DATA PROVIDED:
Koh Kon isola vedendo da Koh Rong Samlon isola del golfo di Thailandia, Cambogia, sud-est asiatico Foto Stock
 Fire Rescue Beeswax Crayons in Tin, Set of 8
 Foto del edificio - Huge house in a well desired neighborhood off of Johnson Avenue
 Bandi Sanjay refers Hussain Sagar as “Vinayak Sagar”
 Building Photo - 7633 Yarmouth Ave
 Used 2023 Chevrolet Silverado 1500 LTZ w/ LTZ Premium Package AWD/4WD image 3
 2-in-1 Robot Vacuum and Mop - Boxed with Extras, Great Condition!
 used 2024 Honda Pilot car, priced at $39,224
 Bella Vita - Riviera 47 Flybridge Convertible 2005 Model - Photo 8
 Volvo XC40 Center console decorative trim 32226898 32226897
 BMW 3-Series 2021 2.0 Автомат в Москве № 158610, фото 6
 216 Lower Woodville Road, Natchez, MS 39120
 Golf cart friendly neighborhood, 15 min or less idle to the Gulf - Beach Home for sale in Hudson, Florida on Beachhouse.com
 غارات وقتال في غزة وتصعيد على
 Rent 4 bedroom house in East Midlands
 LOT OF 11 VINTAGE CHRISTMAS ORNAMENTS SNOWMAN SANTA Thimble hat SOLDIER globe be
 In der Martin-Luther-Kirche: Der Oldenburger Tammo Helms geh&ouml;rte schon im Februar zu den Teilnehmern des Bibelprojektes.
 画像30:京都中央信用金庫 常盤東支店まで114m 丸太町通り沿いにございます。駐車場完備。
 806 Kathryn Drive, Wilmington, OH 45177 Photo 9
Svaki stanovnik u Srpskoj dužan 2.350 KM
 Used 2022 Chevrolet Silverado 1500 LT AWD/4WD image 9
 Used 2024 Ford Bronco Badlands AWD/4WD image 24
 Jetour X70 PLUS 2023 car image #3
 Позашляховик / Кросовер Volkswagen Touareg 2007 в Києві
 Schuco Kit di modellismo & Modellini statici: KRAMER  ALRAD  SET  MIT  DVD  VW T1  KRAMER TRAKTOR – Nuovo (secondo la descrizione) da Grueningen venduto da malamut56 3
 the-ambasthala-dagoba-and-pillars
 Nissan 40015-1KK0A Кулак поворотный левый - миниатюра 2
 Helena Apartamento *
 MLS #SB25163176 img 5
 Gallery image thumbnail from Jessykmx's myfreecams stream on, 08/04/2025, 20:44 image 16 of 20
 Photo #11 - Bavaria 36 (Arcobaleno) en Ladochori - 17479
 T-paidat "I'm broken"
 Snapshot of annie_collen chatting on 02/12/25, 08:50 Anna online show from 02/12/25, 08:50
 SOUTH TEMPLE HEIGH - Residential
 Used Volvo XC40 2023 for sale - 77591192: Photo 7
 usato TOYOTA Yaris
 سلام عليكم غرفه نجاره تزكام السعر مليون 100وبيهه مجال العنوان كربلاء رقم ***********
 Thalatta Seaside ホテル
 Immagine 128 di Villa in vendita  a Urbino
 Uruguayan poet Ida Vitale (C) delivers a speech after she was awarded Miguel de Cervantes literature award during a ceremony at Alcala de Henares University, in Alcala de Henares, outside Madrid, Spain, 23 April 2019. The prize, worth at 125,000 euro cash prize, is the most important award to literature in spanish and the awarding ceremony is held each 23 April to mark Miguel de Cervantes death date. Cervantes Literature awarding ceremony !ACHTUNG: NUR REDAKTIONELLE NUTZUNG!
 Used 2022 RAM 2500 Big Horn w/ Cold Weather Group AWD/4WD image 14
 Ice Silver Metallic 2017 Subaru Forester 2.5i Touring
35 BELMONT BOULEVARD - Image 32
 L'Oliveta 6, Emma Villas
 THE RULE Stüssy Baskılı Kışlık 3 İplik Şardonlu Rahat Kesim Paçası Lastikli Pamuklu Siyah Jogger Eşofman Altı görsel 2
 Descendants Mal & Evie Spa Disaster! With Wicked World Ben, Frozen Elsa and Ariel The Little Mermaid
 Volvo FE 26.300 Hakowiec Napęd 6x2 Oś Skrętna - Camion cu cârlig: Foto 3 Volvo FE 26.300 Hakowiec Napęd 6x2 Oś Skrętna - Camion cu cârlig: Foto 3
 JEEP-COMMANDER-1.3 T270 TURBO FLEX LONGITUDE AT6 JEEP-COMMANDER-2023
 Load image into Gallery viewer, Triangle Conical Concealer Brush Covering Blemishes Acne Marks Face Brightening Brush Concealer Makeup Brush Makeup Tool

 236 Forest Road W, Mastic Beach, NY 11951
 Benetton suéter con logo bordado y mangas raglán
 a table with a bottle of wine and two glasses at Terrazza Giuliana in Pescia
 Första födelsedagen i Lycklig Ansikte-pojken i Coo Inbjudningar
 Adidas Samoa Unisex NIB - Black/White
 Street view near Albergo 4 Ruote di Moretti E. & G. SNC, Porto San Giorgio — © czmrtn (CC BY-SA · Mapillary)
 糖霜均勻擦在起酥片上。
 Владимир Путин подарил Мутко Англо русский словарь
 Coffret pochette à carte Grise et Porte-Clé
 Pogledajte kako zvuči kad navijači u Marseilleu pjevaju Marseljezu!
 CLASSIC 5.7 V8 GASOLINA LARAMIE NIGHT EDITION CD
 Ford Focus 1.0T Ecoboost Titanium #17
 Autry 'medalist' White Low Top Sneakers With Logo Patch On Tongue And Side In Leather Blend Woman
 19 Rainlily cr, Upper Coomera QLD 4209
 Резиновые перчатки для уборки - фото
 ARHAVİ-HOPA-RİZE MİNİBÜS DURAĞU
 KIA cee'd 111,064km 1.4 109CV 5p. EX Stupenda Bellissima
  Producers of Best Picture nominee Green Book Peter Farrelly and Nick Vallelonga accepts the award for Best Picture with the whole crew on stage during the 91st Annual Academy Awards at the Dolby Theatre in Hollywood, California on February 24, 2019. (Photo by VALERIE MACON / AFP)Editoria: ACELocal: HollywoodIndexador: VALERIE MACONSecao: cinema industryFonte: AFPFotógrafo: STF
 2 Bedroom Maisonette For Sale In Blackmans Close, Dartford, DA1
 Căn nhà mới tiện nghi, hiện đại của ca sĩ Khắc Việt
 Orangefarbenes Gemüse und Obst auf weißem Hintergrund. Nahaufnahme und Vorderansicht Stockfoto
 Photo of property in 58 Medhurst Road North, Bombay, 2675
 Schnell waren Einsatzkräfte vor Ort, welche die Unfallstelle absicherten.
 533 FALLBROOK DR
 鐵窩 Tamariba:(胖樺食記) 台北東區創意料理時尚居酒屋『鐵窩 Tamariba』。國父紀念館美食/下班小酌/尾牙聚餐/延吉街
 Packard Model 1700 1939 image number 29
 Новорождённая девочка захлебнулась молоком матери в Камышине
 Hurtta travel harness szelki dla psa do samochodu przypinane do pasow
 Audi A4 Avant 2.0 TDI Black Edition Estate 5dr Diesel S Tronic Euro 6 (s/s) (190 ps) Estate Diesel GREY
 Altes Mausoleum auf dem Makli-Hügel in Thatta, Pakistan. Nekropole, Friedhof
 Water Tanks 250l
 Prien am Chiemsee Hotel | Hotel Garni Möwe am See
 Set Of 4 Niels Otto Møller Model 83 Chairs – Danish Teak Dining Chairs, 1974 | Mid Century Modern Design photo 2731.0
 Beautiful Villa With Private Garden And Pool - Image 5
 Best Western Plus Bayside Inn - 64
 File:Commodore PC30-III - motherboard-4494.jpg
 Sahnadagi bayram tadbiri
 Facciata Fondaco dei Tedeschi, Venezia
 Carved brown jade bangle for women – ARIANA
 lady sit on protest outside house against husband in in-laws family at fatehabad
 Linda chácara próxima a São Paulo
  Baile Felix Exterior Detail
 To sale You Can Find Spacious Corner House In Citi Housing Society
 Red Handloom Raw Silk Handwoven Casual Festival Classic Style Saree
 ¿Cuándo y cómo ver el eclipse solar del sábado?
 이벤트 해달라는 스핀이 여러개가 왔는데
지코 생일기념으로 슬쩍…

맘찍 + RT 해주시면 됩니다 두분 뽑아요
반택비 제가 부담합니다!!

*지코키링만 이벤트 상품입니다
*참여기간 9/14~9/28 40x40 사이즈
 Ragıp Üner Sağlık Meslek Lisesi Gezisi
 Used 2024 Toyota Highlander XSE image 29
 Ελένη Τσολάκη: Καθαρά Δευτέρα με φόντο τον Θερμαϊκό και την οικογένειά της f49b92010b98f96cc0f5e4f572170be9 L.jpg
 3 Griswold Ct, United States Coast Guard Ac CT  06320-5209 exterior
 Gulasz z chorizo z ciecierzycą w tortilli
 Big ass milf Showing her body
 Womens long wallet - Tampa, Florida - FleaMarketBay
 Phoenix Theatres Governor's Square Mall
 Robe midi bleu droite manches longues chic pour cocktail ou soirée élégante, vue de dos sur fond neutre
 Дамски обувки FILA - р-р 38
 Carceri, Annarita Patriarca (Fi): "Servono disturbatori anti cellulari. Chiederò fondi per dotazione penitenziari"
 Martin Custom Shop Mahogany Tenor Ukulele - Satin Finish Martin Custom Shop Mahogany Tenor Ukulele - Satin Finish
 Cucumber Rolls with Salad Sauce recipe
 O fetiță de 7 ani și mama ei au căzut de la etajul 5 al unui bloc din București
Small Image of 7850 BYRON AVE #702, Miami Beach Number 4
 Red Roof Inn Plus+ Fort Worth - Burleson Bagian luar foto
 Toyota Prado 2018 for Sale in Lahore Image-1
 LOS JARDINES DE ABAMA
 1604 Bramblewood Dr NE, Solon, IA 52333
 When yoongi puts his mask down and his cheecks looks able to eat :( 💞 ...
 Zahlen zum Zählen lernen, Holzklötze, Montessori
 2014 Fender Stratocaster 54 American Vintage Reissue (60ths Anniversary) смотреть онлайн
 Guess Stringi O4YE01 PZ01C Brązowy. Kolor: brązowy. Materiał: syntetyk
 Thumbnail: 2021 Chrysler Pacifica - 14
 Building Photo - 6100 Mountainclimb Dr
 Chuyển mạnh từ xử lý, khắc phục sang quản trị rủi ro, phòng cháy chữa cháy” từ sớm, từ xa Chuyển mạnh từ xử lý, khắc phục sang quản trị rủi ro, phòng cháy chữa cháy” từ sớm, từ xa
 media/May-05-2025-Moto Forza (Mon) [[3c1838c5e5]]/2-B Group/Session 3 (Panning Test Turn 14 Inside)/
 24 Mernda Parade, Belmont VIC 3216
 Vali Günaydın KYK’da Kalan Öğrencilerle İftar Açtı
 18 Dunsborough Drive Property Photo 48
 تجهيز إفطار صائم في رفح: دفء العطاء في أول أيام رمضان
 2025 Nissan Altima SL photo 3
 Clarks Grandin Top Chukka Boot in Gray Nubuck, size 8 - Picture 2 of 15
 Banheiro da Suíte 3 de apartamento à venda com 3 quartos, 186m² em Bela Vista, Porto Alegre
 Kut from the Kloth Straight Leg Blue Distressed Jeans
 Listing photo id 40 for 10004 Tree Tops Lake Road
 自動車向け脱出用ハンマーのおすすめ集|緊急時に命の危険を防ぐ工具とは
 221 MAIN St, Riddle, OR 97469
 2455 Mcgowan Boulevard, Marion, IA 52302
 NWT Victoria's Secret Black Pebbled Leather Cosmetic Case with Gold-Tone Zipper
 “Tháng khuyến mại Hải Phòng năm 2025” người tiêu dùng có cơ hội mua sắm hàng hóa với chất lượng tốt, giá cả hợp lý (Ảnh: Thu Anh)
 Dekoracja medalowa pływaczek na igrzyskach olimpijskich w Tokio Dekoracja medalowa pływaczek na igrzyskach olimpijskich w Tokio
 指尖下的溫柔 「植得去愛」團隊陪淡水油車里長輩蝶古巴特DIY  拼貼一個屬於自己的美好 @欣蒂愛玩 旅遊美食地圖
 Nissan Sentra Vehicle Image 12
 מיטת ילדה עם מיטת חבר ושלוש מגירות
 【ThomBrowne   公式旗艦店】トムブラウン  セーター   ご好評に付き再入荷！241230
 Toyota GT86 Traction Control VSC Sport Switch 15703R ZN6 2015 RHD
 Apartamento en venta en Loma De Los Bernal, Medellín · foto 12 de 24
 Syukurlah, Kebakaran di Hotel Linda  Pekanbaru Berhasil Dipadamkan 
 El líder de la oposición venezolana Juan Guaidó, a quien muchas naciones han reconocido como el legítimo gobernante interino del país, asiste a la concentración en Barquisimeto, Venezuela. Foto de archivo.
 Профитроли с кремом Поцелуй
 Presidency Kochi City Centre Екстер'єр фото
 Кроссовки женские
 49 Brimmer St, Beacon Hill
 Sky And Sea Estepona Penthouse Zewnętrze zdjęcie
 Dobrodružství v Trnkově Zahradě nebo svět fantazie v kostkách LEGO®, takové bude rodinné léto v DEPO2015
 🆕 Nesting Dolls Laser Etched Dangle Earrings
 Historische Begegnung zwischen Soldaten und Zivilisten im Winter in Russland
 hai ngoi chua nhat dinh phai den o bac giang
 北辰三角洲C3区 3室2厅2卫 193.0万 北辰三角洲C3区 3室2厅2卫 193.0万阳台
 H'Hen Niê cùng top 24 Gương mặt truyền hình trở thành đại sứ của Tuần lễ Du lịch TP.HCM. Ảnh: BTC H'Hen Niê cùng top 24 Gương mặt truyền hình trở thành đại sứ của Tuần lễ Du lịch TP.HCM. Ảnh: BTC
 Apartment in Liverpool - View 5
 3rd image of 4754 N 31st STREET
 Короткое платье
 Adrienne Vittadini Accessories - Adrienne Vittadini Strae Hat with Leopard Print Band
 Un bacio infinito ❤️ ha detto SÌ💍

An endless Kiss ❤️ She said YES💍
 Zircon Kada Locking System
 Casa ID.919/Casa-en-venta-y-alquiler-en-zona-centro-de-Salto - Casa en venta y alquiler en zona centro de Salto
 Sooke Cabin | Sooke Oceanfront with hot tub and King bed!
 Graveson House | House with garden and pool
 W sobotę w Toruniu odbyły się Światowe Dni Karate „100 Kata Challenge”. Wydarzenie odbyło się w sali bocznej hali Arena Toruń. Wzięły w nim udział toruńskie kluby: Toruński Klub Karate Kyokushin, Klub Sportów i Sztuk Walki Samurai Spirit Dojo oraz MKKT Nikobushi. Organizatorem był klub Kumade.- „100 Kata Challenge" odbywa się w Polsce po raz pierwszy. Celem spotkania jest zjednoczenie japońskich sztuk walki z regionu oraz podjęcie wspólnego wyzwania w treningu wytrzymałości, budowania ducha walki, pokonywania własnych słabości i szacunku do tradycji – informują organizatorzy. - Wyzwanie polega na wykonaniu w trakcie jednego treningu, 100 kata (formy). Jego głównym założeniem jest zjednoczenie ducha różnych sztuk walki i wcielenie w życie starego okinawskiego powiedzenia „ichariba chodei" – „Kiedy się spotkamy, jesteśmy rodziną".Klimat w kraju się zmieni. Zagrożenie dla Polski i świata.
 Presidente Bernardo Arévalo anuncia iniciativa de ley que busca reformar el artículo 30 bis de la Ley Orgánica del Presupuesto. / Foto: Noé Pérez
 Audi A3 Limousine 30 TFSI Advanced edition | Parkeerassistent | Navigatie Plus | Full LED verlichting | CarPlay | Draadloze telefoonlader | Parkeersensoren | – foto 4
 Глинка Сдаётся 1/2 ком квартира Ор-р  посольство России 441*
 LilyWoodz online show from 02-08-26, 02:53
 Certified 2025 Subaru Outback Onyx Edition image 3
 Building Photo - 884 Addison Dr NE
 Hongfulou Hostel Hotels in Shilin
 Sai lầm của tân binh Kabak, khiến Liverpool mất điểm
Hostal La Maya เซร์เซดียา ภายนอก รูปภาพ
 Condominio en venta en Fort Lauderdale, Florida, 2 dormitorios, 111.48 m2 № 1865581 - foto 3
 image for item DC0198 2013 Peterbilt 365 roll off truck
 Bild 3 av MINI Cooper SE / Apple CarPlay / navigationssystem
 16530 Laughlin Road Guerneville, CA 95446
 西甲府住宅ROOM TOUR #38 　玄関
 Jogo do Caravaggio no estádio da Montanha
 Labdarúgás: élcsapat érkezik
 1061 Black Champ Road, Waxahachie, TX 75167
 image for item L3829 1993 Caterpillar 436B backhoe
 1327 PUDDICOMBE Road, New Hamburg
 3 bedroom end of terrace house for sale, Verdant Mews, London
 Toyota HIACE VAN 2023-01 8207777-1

REQUIRED ACTION: Go through the lines above and tally those with the string "Fort". The total is all that is needed.

SOLUTION: 2